**Given data:**
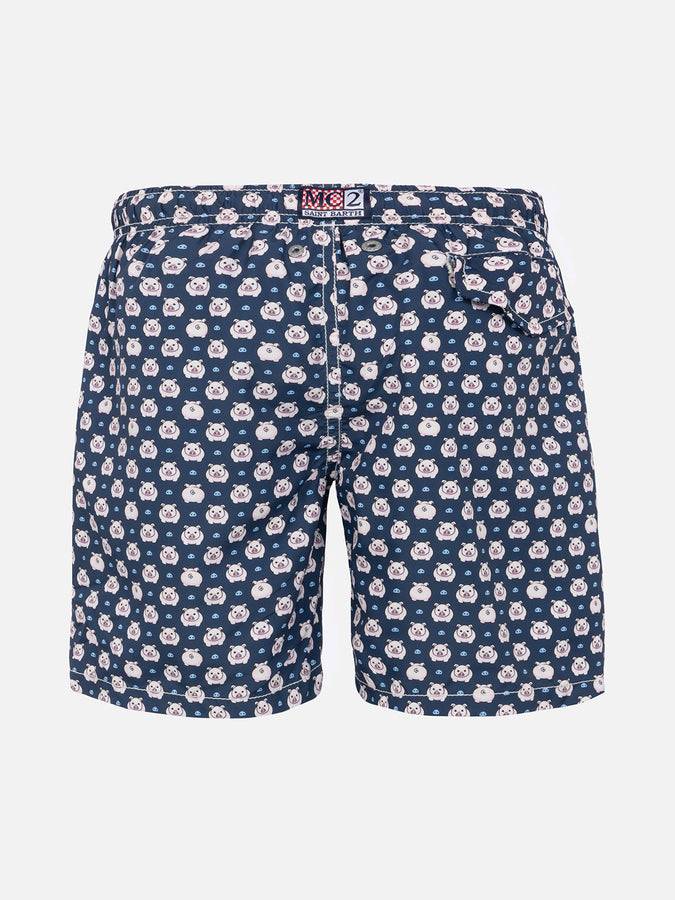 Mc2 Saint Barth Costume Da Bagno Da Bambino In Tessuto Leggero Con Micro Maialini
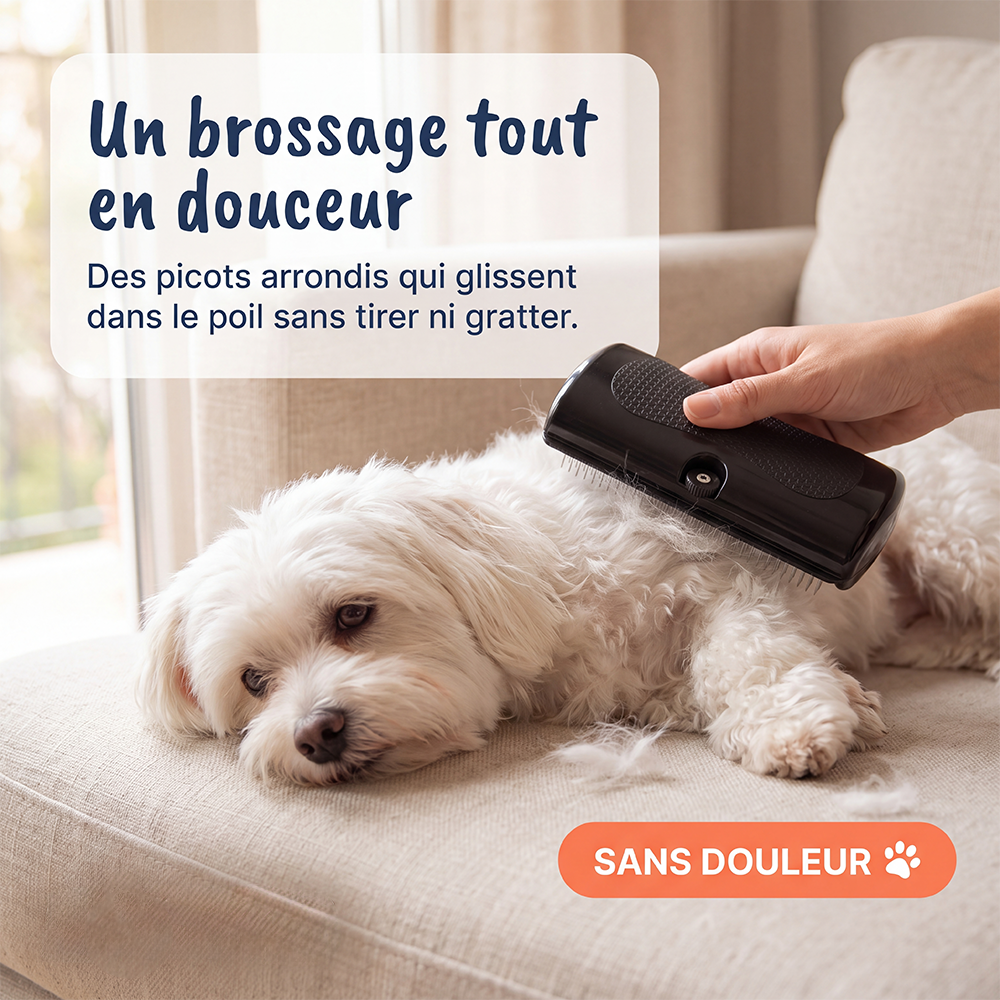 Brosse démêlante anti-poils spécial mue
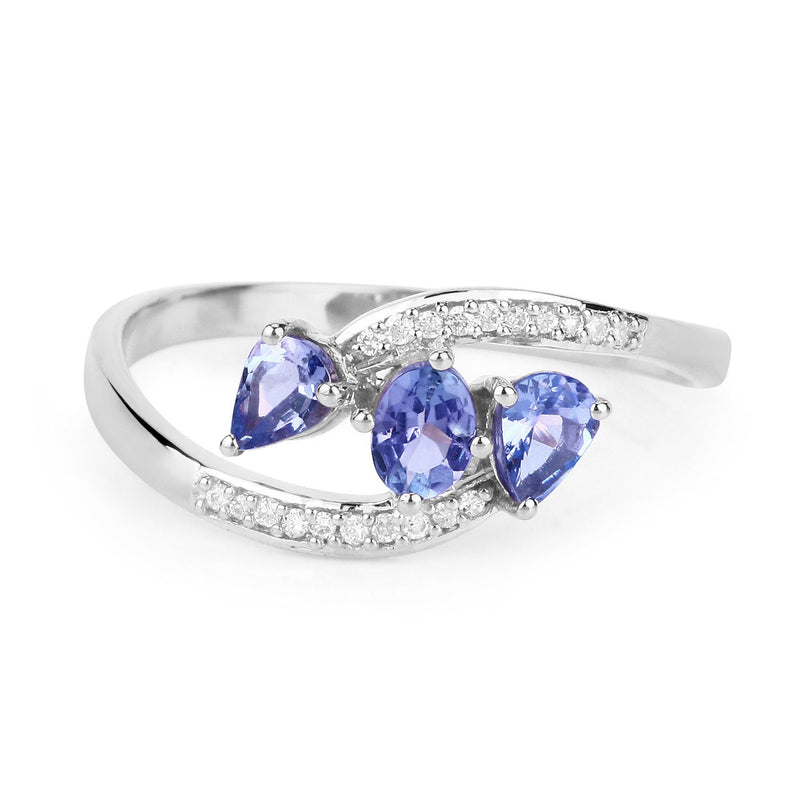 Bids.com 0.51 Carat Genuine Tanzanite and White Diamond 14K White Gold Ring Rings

**Task description:** In your copy of the data above, leave out the pictures and repeat everything else exactly.

**Answer to this problem:**
 Mc2 Saint Barth Costume Da Bagno Da Bambino In Tessuto Leggero Con Micro Maialini
 Brosse démêlante anti-poils spécial mue
 Bids.com 0.51 Carat Genuine Tanzanite and White Diamond 14K White Gold Ring Rings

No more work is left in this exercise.